Product design is increasingly subject to similar legal requirements: new features require various types of legal analysis to determine if they comply with relevant laws around data collection and use. Newer laws are also particularly focused on automation tools (some based recently on concerns around generative AI, but some of the older ones simply worried that running too much automation without a method to catch and fix mistakes is bad practice that will unintentionally harm people).

Lastly, the DSA, linked above, is an entirely new legal system that requires broad risk assessments for the benefit of society by the services identified under it as very large platforms. The Foundation has written about what this means for Wikipedia.
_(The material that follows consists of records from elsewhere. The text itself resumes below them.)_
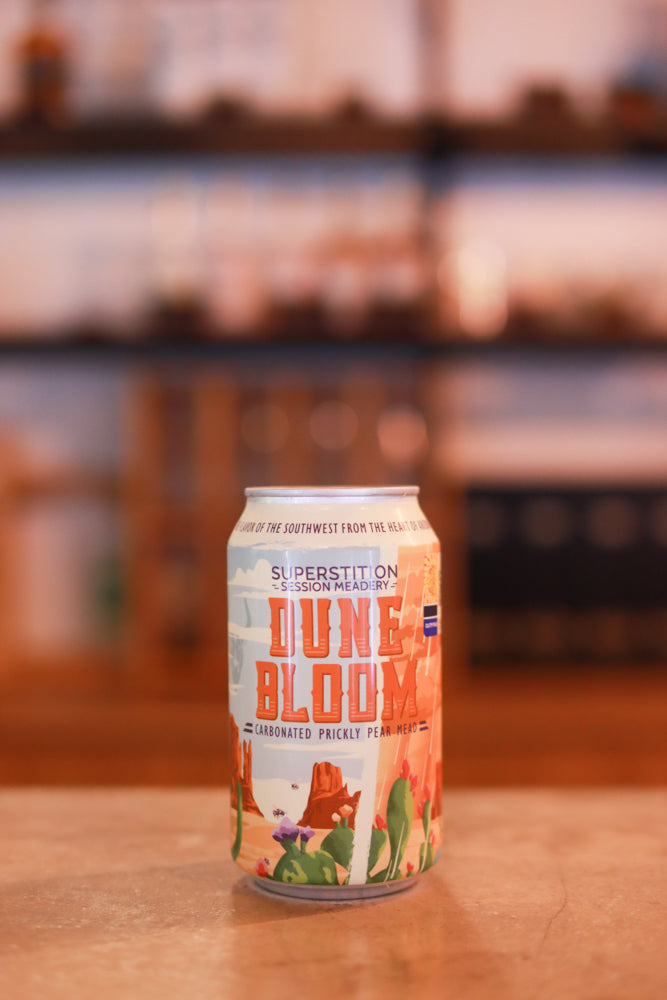 Superstition Dune Bloom Mead (355ml)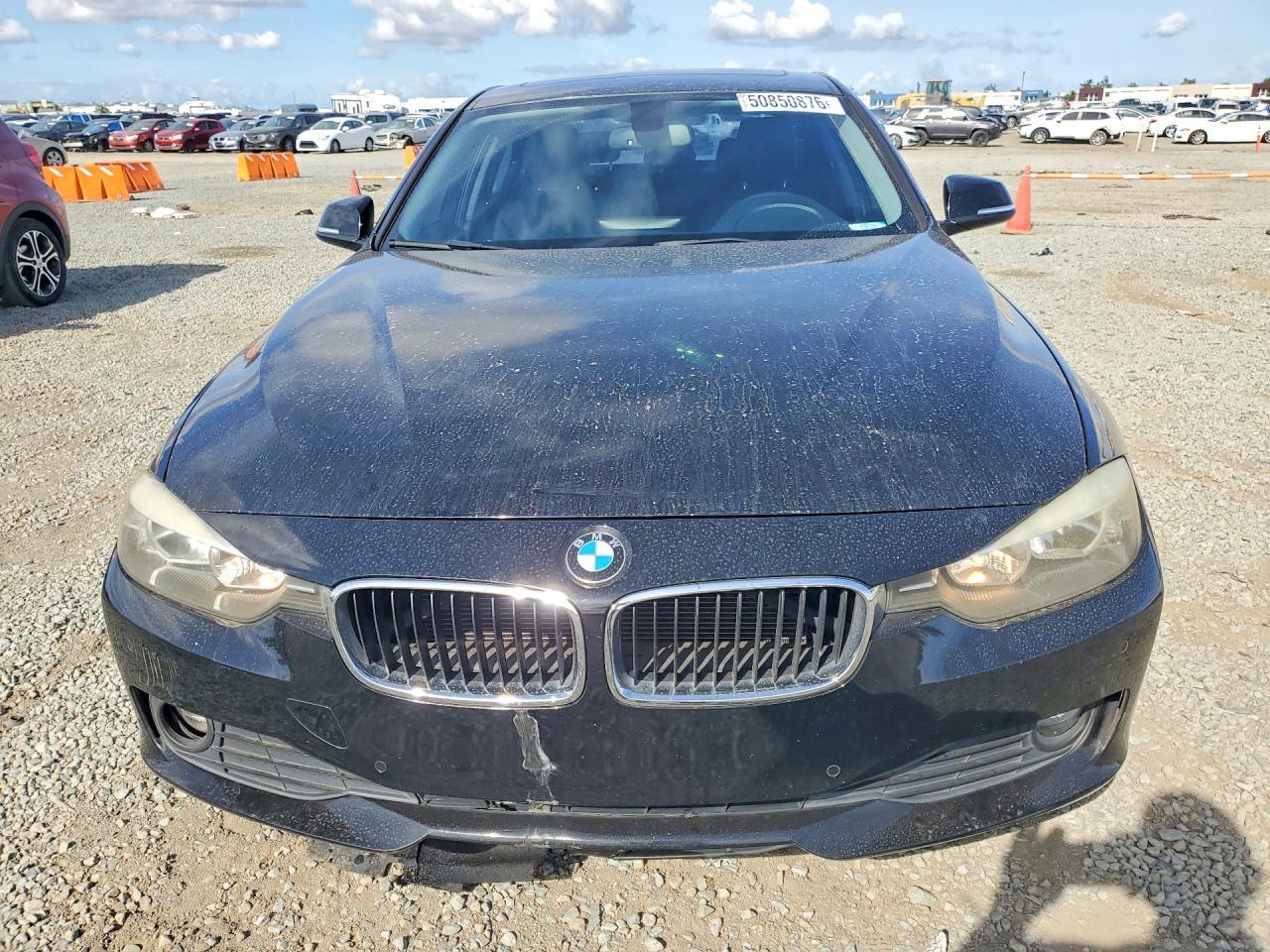 2014 BMW 328 D - zdjęcie 5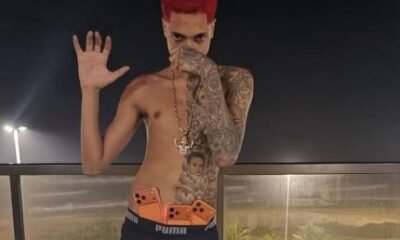 Foragido Oruam tem julgamento por tentativa de homicidio adiado no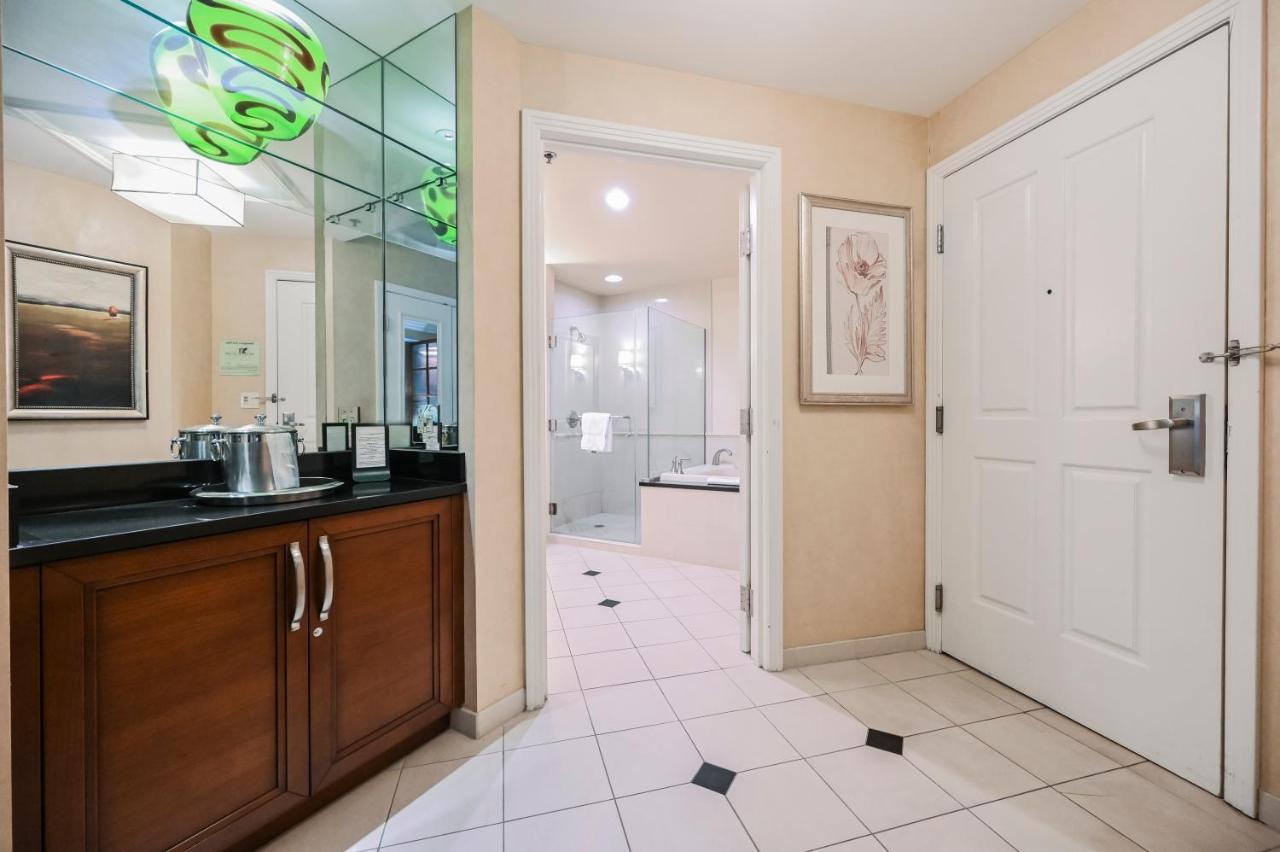 Mgm Signature Towers, Balcony Suite, Strip View - No Fees! Appart hôtel *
As these are new rules and will be subject to an entirely new auditing process, we are hopeful that they will produce beneficial ideas for mitigating present and future risks, but we are also aware that there may be some kinks to work out in the first few iterations of the process.

Conclusion[edit]

The aim of this essay is to help improve general understanding of the legal requirements and legal work that go into hosting a website with user-generated content and lots of users. Comparing 2023 to the early 2010s, what we see is that hosting a site is likely to result in having to pay attention to more countries around the world than a decade prior, even for the same activity. We also see that there are new legal claims, especially around the right to be forgotten, that can impact the legality of what is written online about a person and may require new evaluations of whether older content is still reliable and important for the public. And lastly, we’ve seen that the legal compliance to maintain and develop a website has increased, with new requirements going into hosting user accounts, designing software, and managing societal risks.
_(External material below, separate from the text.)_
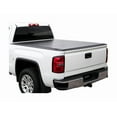thumbnail image 3 of Access LOMAX B4050129 Hard Tri Fold Tonneau Cover for 24-25 Toyota Tacoma 6' Bed, 3 of 23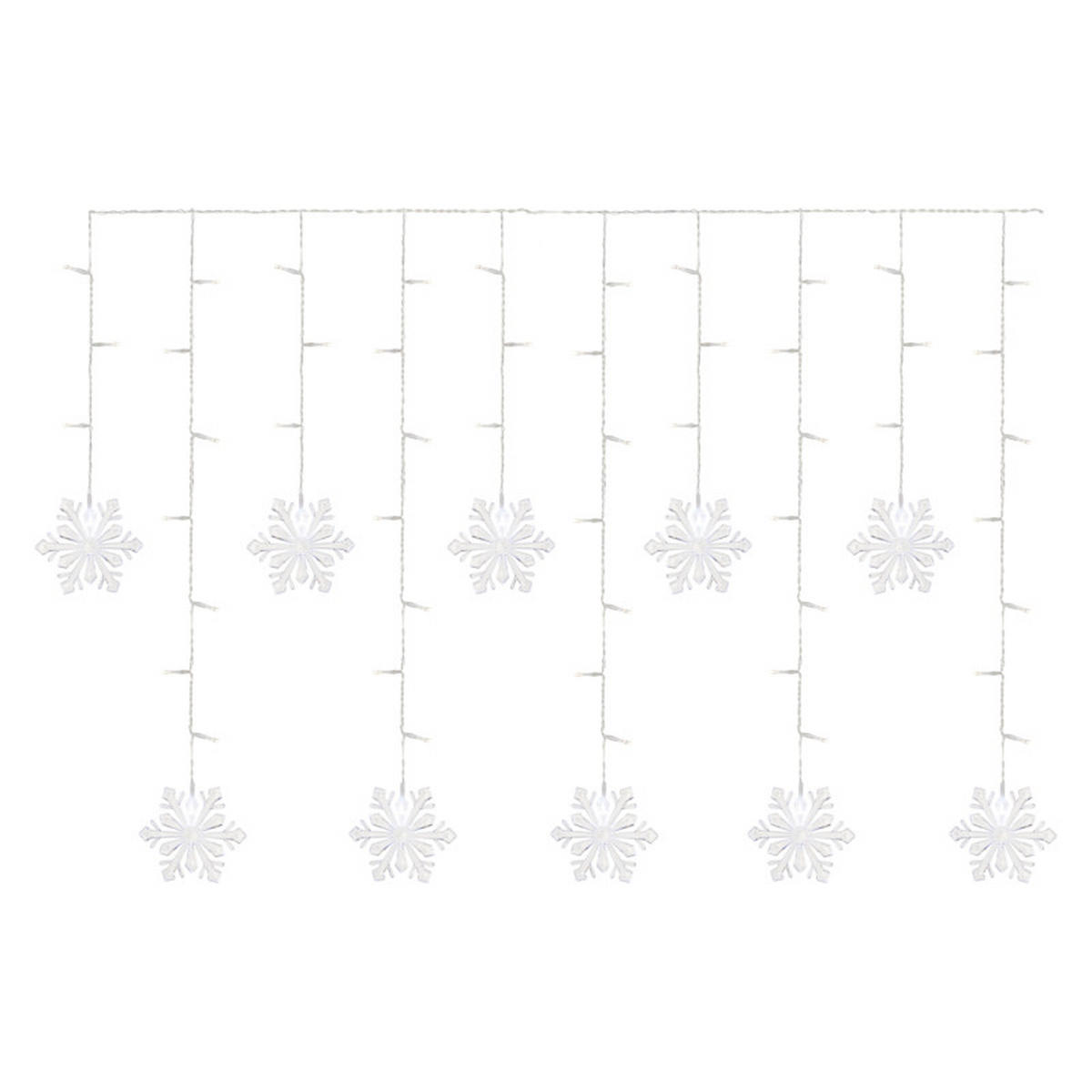 DEKORAČNÍ LED SVÍTIDLO - Basics, plast (12cm)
As a whole, many of these developments are concerning, though some also offer a promise of improved fairness and transparency across multiple platforms. We hope that this information is helpful for readers in understanding the current legal environment for hosting Wikipedia and the other Wikimedia projects.
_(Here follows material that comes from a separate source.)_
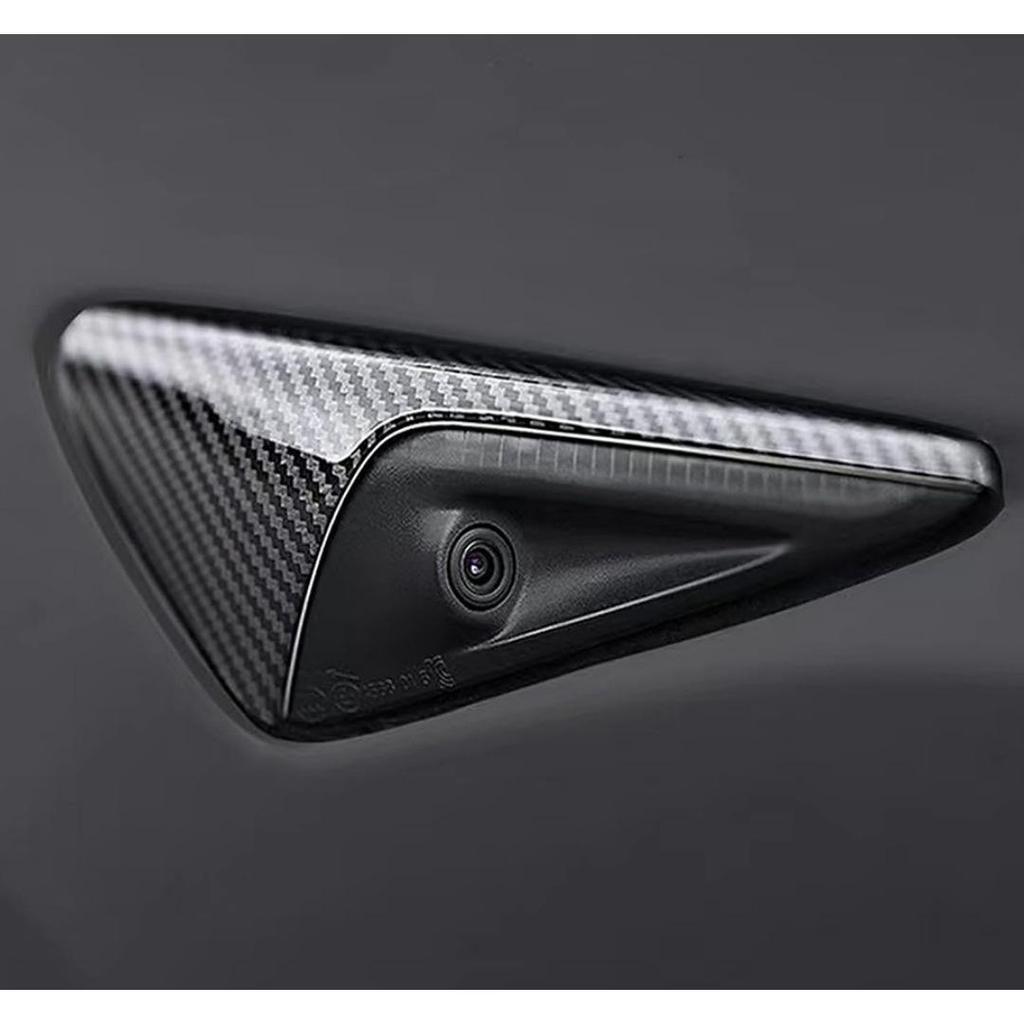 Tesla Model 3/Y Camera Decorative Protection Cover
  1. For the historically interested, the one exception was piracy of the high seas, in which all countries of the world had jurisdiction to prosecute pirates, if they could get their hands on them. See https://en.wikipedia.org/wiki/International_piracy_law
  2. For more detail of purposeful availment, see https://cyber.harvard.edu/property99/domain/Betsy.html
  3. GDPR was originally passed in 2016, which is arguably not recent in 2023, But it did not go into effect until 2018 and has taken many years to see how the GDPR’s jurisdiction rules work, and many of them are still subject to debate and ambiguity.
  4. For example https://www.hrw.org/news/2021/05/21/indonesia-suspend-revise-new-internet-regulation
  5. In the US, this protection was the result of a combination of Constitutional protections under the US First Amendment and legislative protections from Section 230 of the Communications Decency Act.
  6. https://diff.wikimedia.org/2014/08/06/wikipedia-pages-censored-in-european-search-results/ and https://diff.wikimedia.org/2016/10/19/petition-right-to-be-forgotten/ An example of a direct case is detailed (without identifying the subject) in our blog at https://wikimediafoundation.org/news/2019/04/11/a-german-court-forced-us-to-remove-part-of-a-wikipedia-articles-history-heres-what-that-means/ where a German court found that our duty as hosting provider included removing article history of material that had been corrected.
  7. While the Internet Archive’s Wayback Machine is useful to prevent linked sources from disappearing, it has dubious value for legal cases. It’s very difficult to know if a source found on the Wayback Machine disappeared from its original source due to negligence or because the original source found it to be inaccurate. Or perhaps even because the original source was already sued by the same person coming after Wikipedia and lost or gave up the case.
  8. While not linked in the jurisdiction section, the anti-terrorism regulations are another law written with a broad jurisdiction clause as well, applying to any website host with a substantial number of European users.